The agent had remained on the CIA payroll for several years despite indicating deception in polygraph tests; he finally was dismissed last year.
The CIA then disseminated a "burn" memorandum to all agencies that had received information based on the agent's reporting, alerting them that the reports were not credible.
Still, the State Department as recently as last week continued to link Mr. Narong with narcotics trafficking and said that his appointment in the new Thai Cabinet would complicate Thai-U.S. relations.
Asked to provide evidence, State Department spokesman Nicholas Burns said, "We're sure of our sources and we stand by those decisions."
The CIA inspector general has launched an investigation of the case, including the reported shredding of copies of a critical 1993 internal review.
The inspector general has the only remaining copy of the 50-page analysis, which concluded that neither the CIA nor Drug Enforcement Administration had credible evidence that Mr. Narong and many other Thais were involved in drug trafficking, sources close to the investigation said.
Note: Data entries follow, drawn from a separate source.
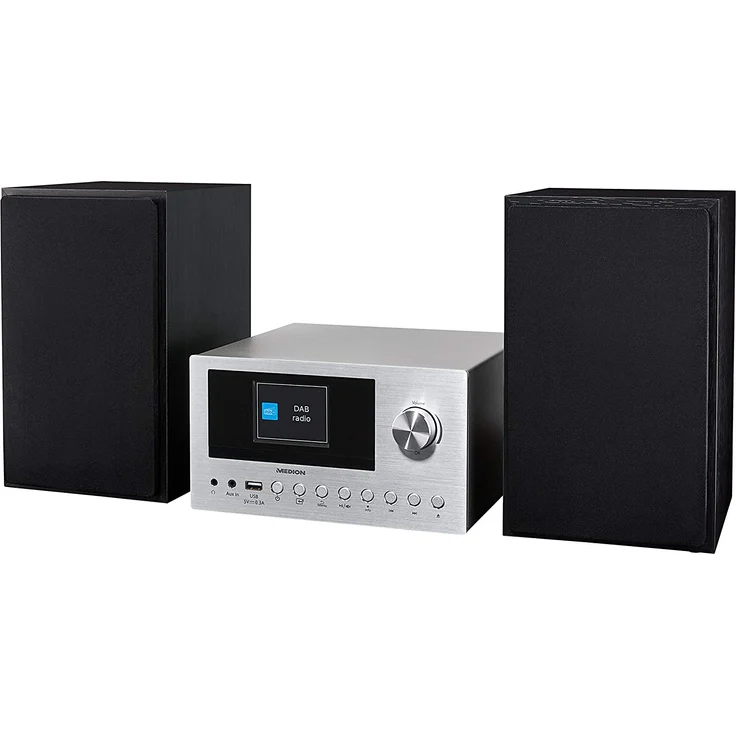 MEDION LIFE P85003 Micro Audio System DAB+ UKW Radio bluetooth cd usb schwarz, silber – Bild 7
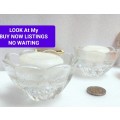 2 candle holders Glass frosted Scalloped top edges+ clear design LOOK At My BUY NOW Items NO WAITING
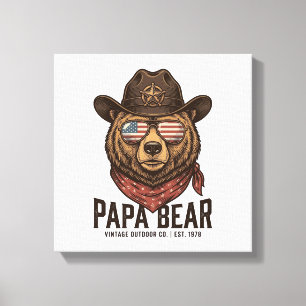 Lienzo Oso Papá Oso Vaquero Patriótico Vintage Diseño Vec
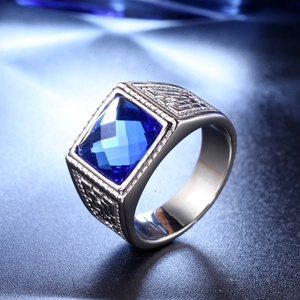 Men's retro stainless steel ring with a large square blue gemstone and geometric relief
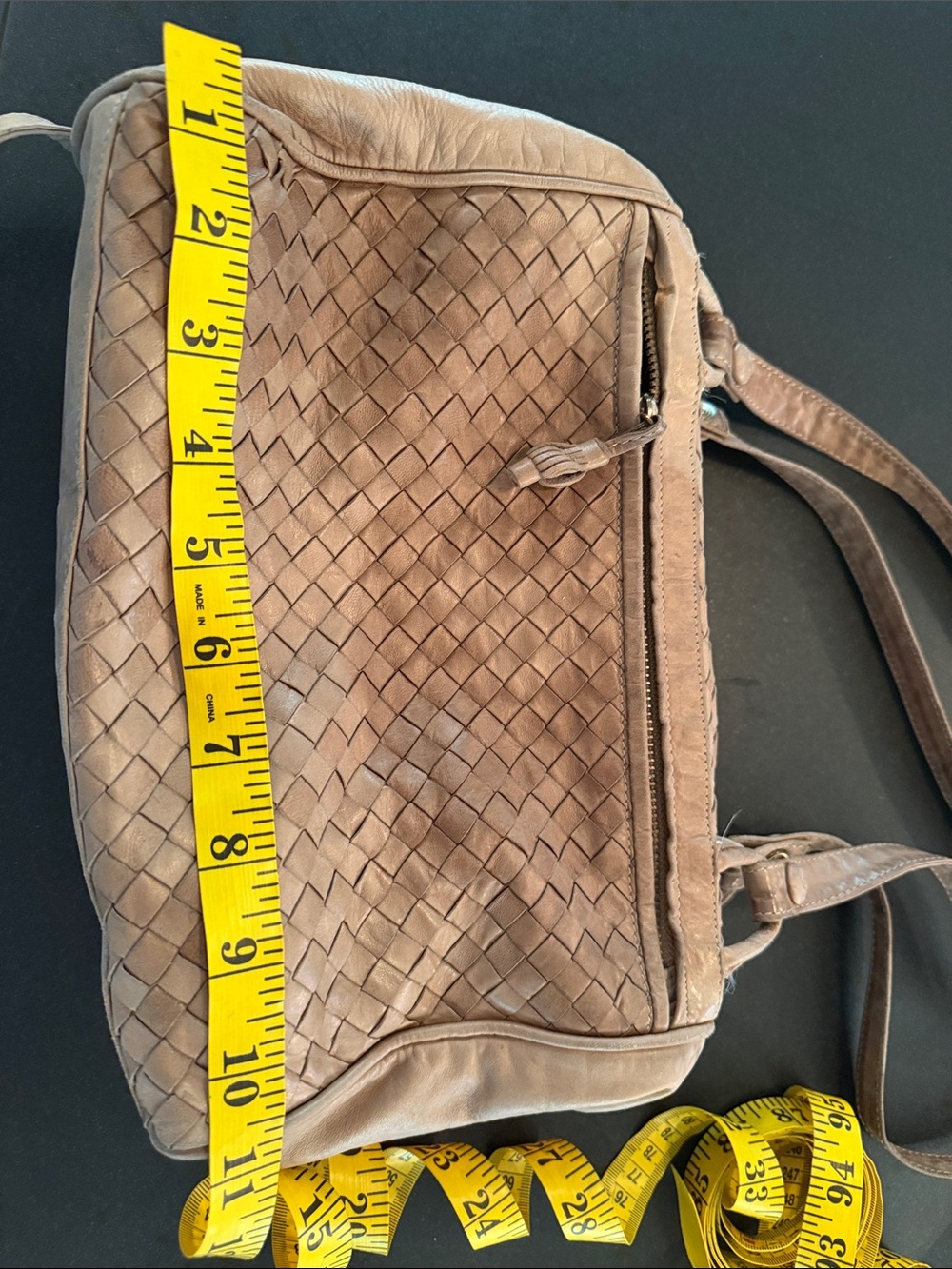 Bottega Veneta Intrecciato Leather Shoulder Bag in Taupe - Picture 15 of 16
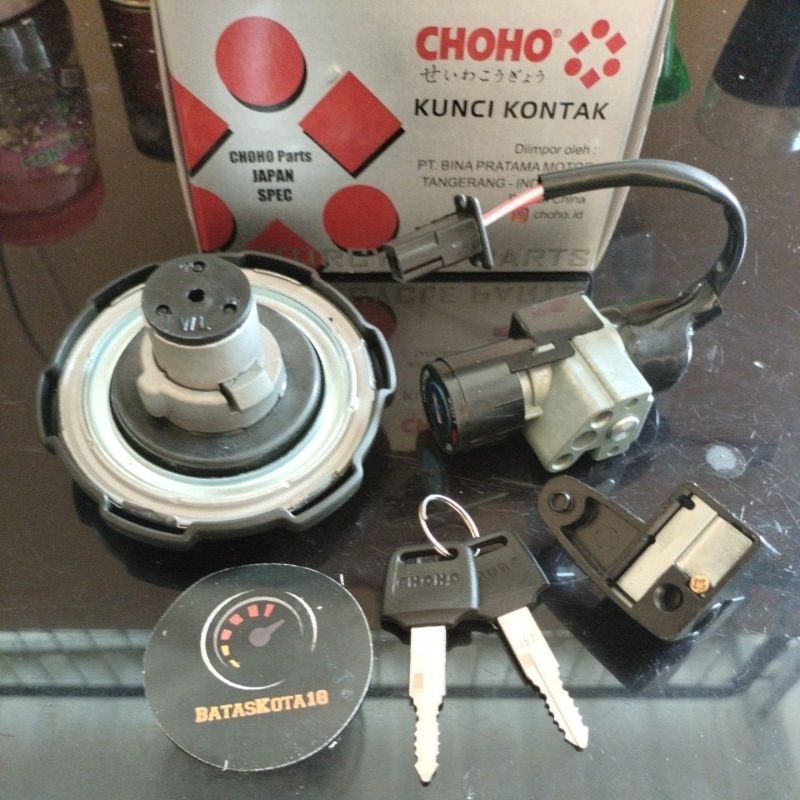 Kunci kontak set plus tutup tangki crf150l crf50 komplit choho k84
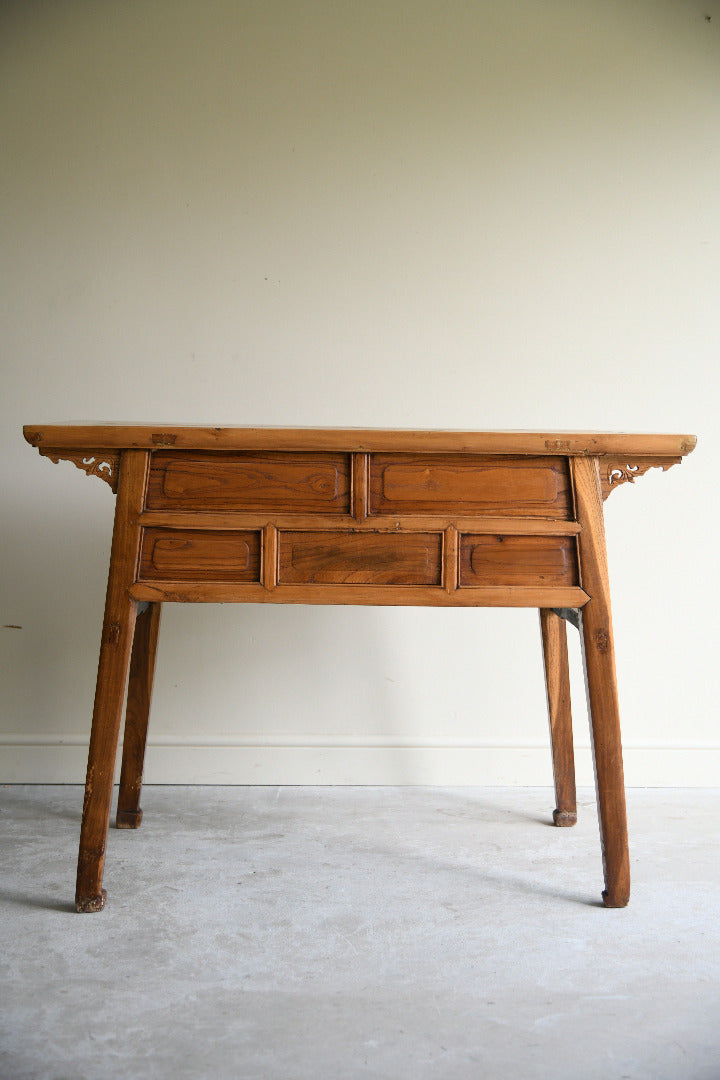 Antique Chinese Elm Console Table with Drawers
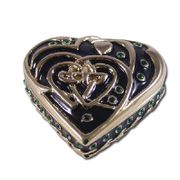 Heart Celtic Jewelry Box Enameled pewter box bejeweled with Austrian crystals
State Department officials declined to discuss the evidence against Mr. Narong because, they said, it would compromise intelligence sources and methods.
The CIA refused to discuss the case, other than to confirm that it is subject to an inspector general review.
The case of Mr. Narong, as outlined by several current and former administration and intelligence officials, raises questions about the government's ability to make public accusations against a foreign official or civilian without revealing the proof.
The State Department, for example, routinely has divulged that a visa for a foreign dignitary has been denied on grounds that the applicant is allegedly involved in narcotics or other criminal activity.
In 1992 the State Department disclosed that Mr. Narong, a wealthy landowner near the border with Myanmar (Burma), which produces most of the world's opium, had been denied a U.S. visa because he was believed involved in narcotics trafficking.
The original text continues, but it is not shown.